#### [WORK TASK]
The answer should hold only the lines from the one containing "Harthauser Musi – Achtung! Aufnahme" through the one containing "Rehab Is For Quitters — full back print" in the entries below, copied exactly, without pictures.

#### [SOURCE MATERIAL]
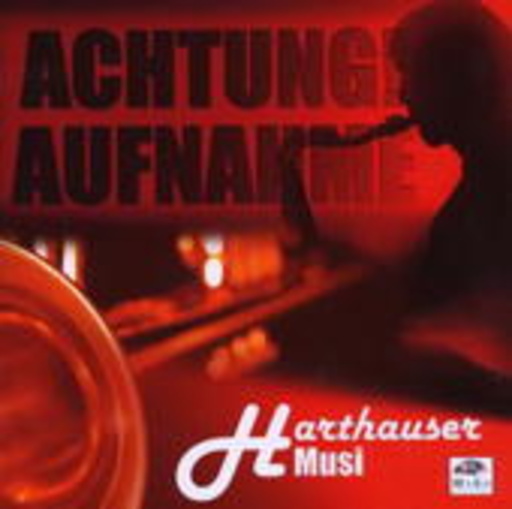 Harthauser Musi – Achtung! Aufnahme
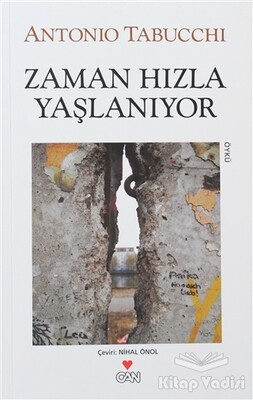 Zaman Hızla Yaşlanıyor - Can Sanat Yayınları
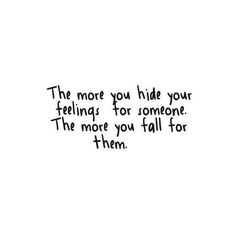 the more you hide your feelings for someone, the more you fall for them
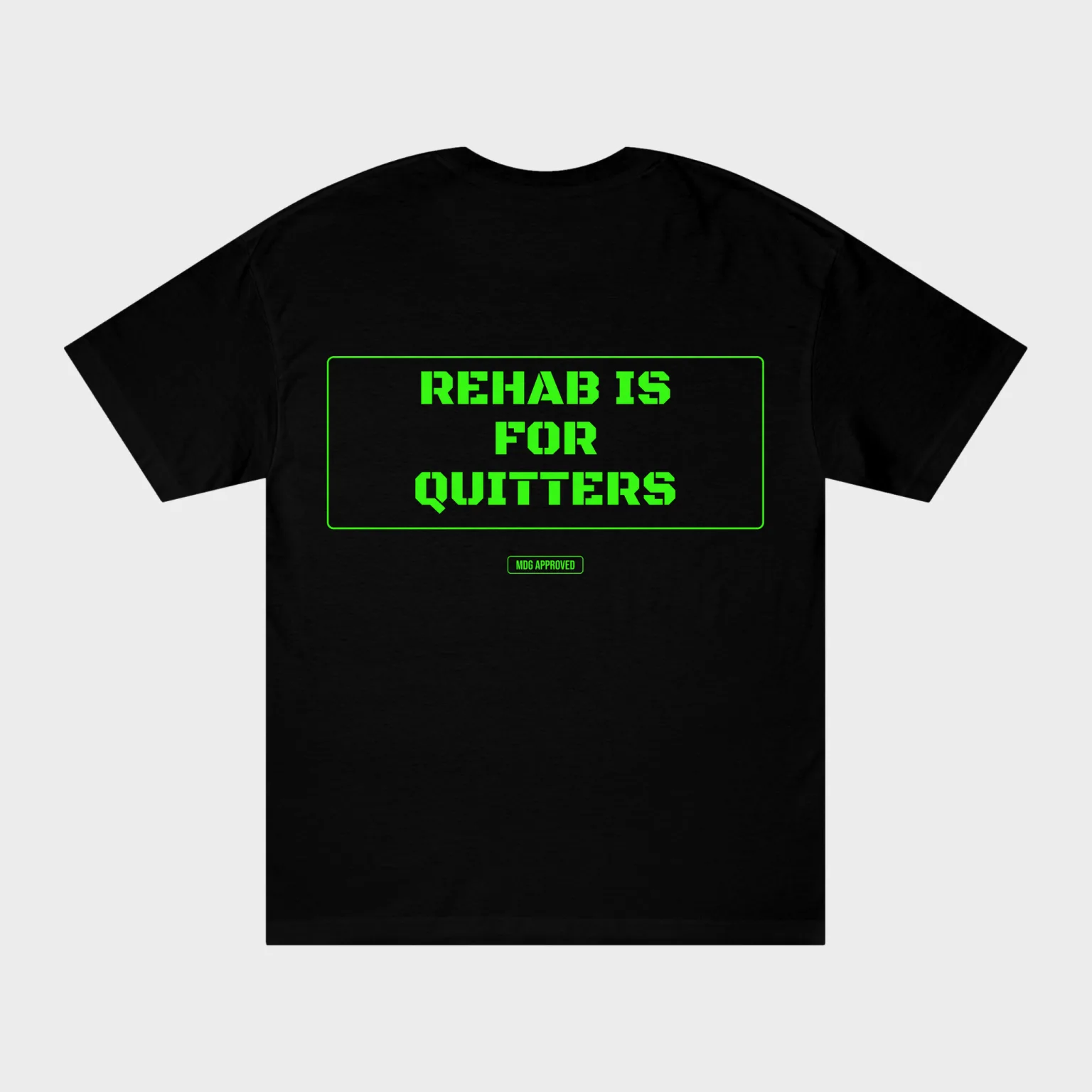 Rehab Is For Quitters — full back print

---

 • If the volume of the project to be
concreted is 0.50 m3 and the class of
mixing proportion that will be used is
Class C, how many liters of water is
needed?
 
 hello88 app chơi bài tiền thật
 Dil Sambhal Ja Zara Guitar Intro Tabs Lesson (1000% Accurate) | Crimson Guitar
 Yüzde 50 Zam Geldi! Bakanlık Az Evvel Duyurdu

#### [WRITTEN SOLUTION]
 Harthauser Musi – Achtung! Aufnahme
 Zaman Hızla Yaşlanıyor - Can Sanat Yayınları
 the more you hide your feelings for someone, the more you fall for them
 Rehab Is For Quitters — full back print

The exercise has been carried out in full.